[Image-text web data]
☆ ☆ ☆
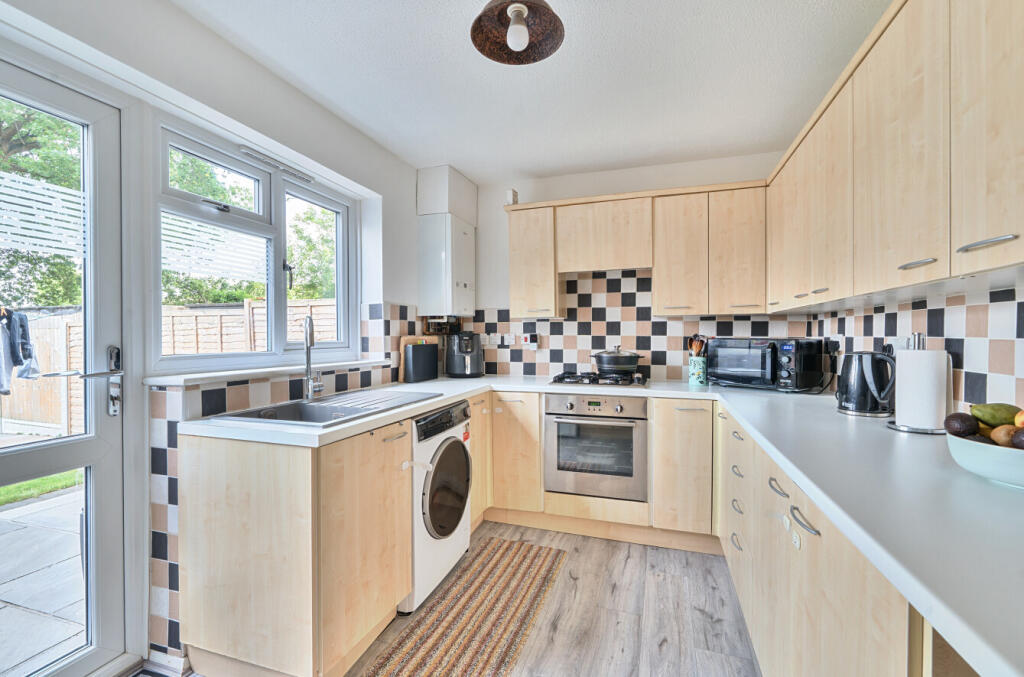 1305375-8-6847107...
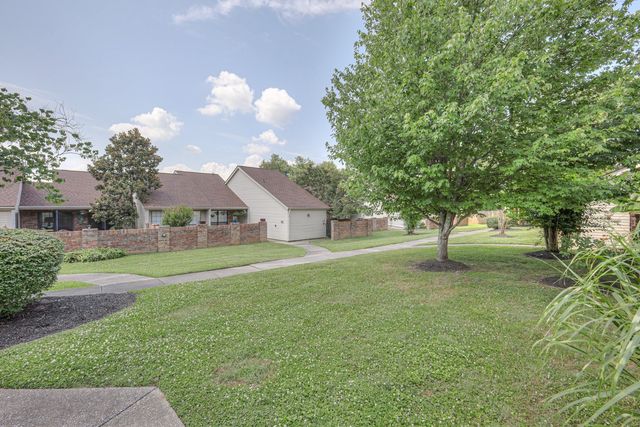 601 Laurel Hill Dr, Old Hickory, TN 37138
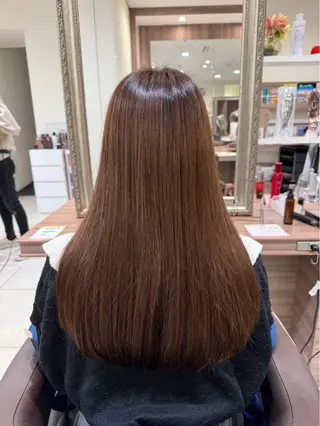 カラー 阪本 紀乃のヘアスタイル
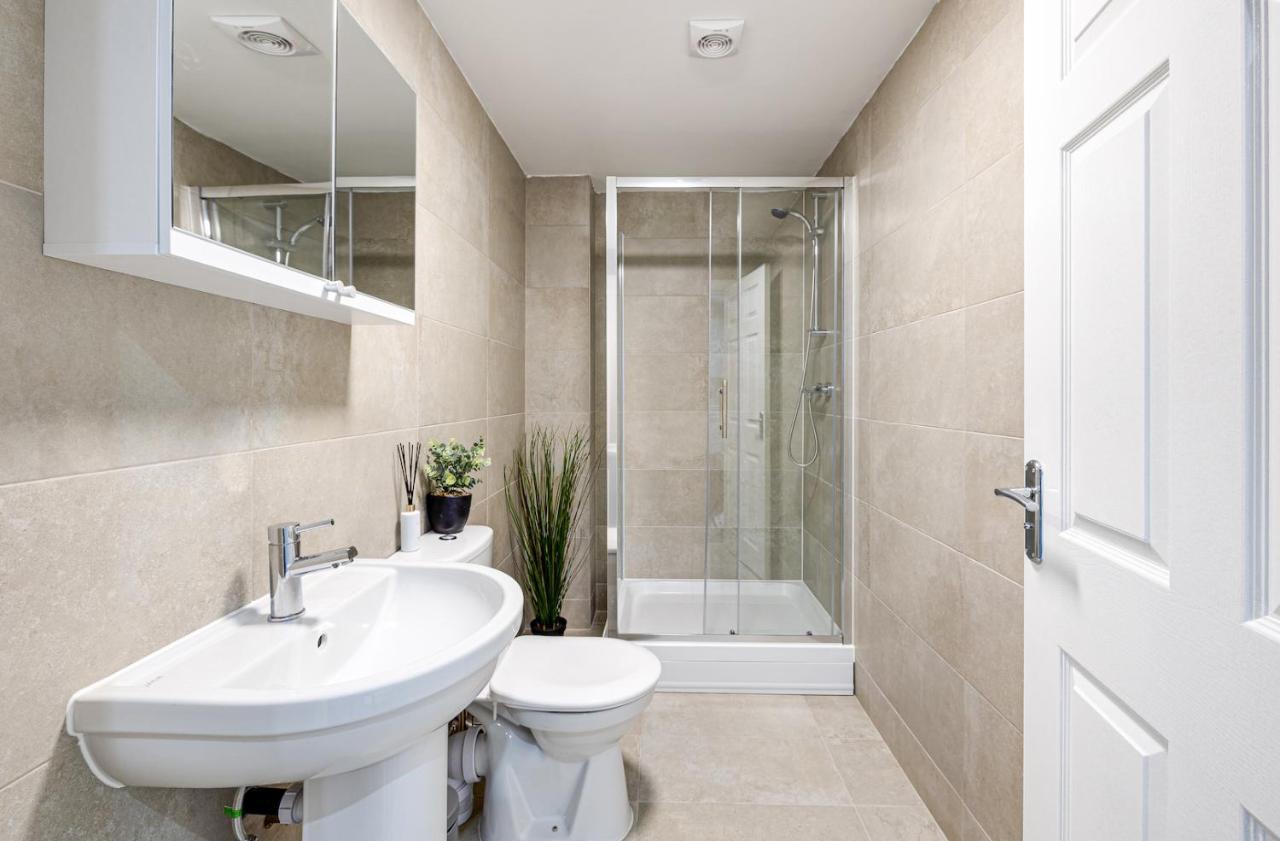 Апартаменты Cosy Modern Apt In Heart Of Stockport - Sleeps 4 Экстерьер фото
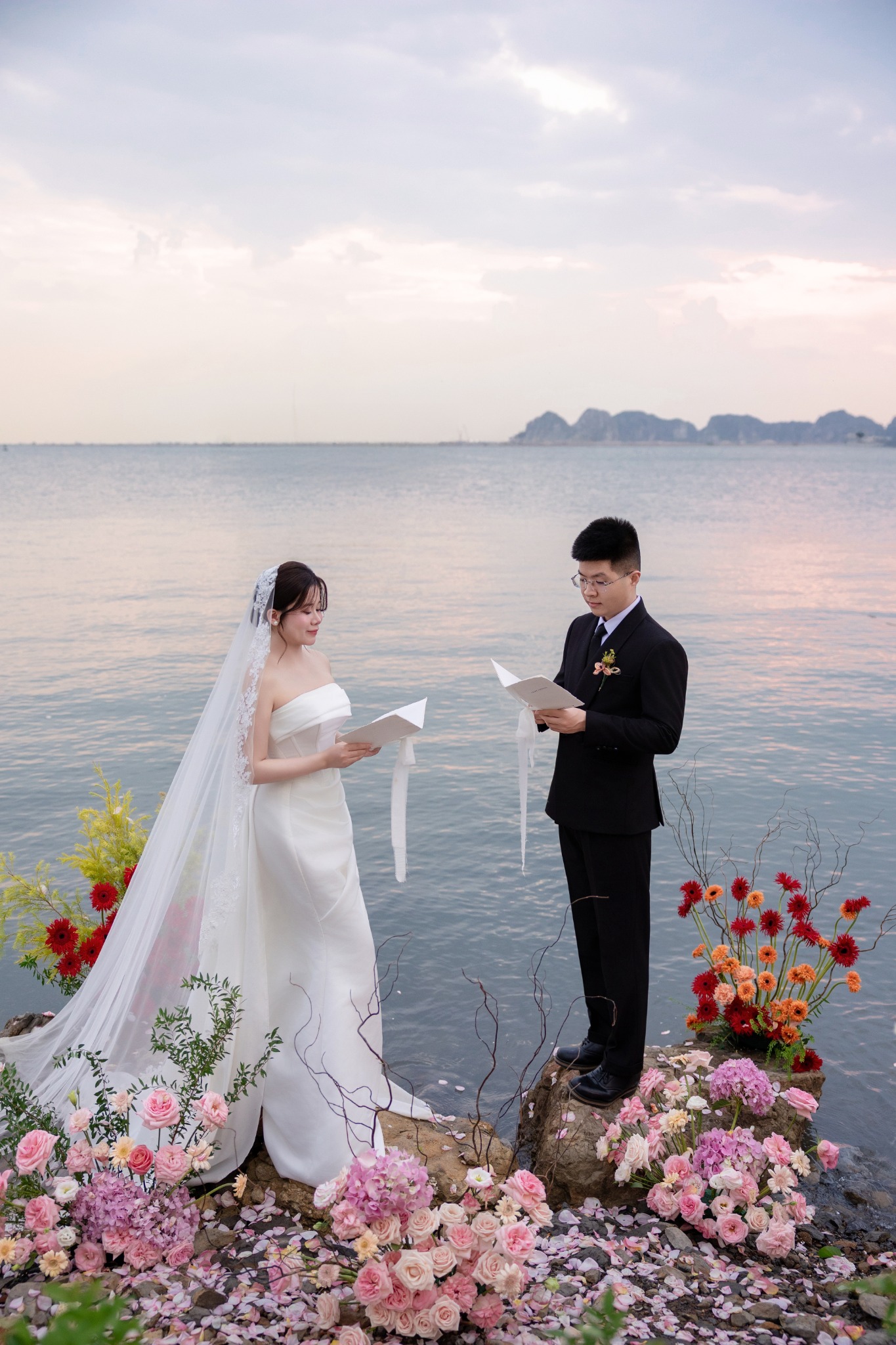 Cô dâu chú rể đọc lời nguyện ước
☆ ☆ ☆
What is needed: Make an exact copy of only those lines that run from the line with "カラー 阪本 紀乃のヘアスタイル" through the end of the records, excluding pictures.

The completed task:
 カラー 阪本 紀乃のヘアスタイル
 Апартаменты Cosy Modern Apt In Heart Of Stockport - Sleeps 4 Экстерьер фото
 Cô dâu chú rể đọc lời nguyện ước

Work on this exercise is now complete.